* DATASET CONTENT:
+++

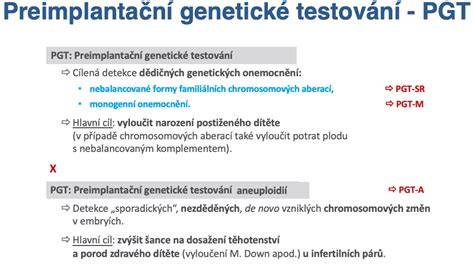 Schéma prekoncepční genetické diagnostiky (PGD/PGT)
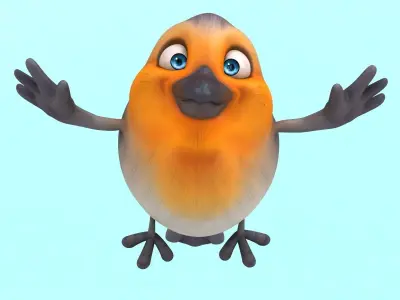 Fun Red Robin 3D model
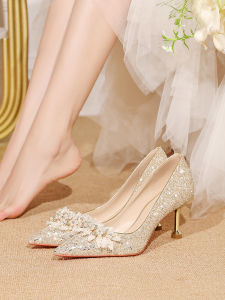 Pointed-Toe Wedding Shoes Women 2024 New Arrival Main Wedding Dress Bridal Shoes Daily Style Bridesmaid Shoes French Crystal High Heels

+++

* WORK REQUEST: Except for the pictures, return every line of the material exactly.

* SOLUTION TO THE PROBLEM:
 Schéma prekoncepční genetické diagnostiky (PGD/PGT)
 Fun Red Robin 3D model
 Pointed-Toe Wedding Shoes Women 2024 New Arrival Main Wedding Dress Bridal Shoes Daily Style Bridesmaid Shoes French Crystal High Heels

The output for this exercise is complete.